She homesteaded in a bleak land. Her parents, book-trained farmers, made the sagebrush wastes of Wyoming feed sheep and a family. She knew hard. She knew how to work. They got electricity while she was in high school on the honor roll. She went to college and then, around the world.

But hard is different than bad. Carrying water in Cody, Wyoming, is different from carrying water in Laos when your friends are dying. Losing sheep to wolves was different from communists carrying guns.

I also know that this picture will be the last one where she looks this way. Her smile will stay bright but less so. She will stand up straight and look composed.

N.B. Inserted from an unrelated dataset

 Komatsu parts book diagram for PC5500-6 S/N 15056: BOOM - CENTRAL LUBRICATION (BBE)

The difference between the two worlds is part of her now. She will look different too.

Then she came home. She and my father made a little life. They had more fat babies. They went on.

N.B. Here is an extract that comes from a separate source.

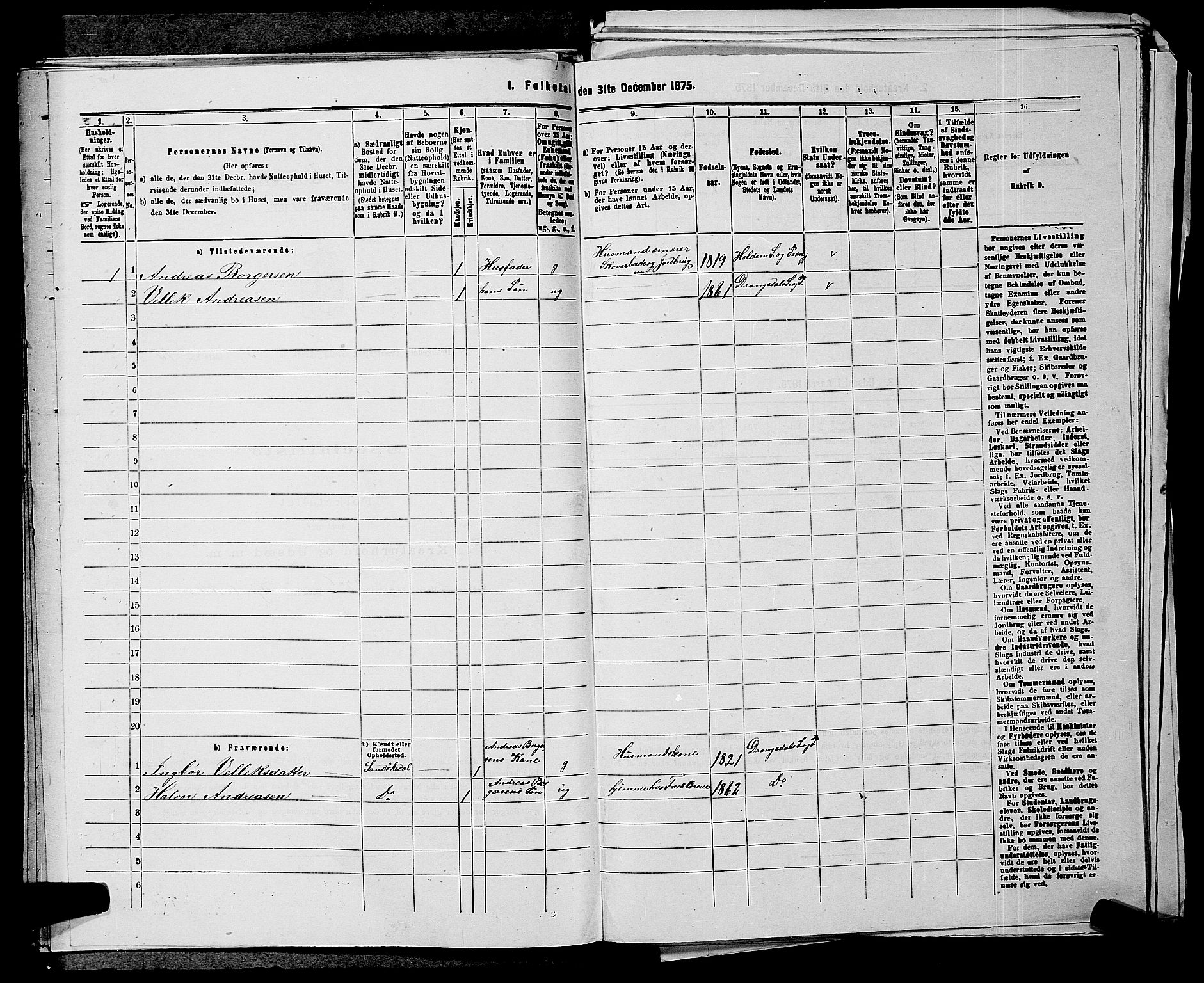 SAKO, 1875 census for 0817P Drangedal, 1875, p. 358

I grew up in two worlds. There was one world where we were a normal large Quaker and then Mormon family. There was another world where my mother was different — quieter but fiercer too. In that world we had Lao refugees living in our house and a trunk full of things Momma had woven or been given in Laos.

My mother knew how to do things other mothers didn’t.

The war was still a secret. I heard only the most innocuous stories about Laos growing up. I knew about the jaguar running with her jeep. I did not know it was because her friend had been murdered. I knew about the Australian rancher but not the CIA. I was much older when I found all that out, one tiny drop at a time.

My parents spoke Laotian at the table when they didn’t want us to hear. It all sounded like songs to me.

Some of the stories are wonderful. My father, who knew his history, thwarted the communists by sending coveted supplies through the jungle on elephants while staging a false convoy on the roads. My parents planted rice in deep water. The stilted huts shook at night when water buffalo used them to scratch.

I heard these stories and it didn’t explain why my mother was different. It didn’t explain the tight center of her. She wore nice blouses with sweater vests and floppy bows just like the other moms. She kept house. She read to her kids. She cooked.

But she never really found her place in a tidy suburban world where people didn’t go to war and friends didn’t die. She never lost the wide-eyed look of one scanning the landscape for distant lands and the geckos that sang her to sleep.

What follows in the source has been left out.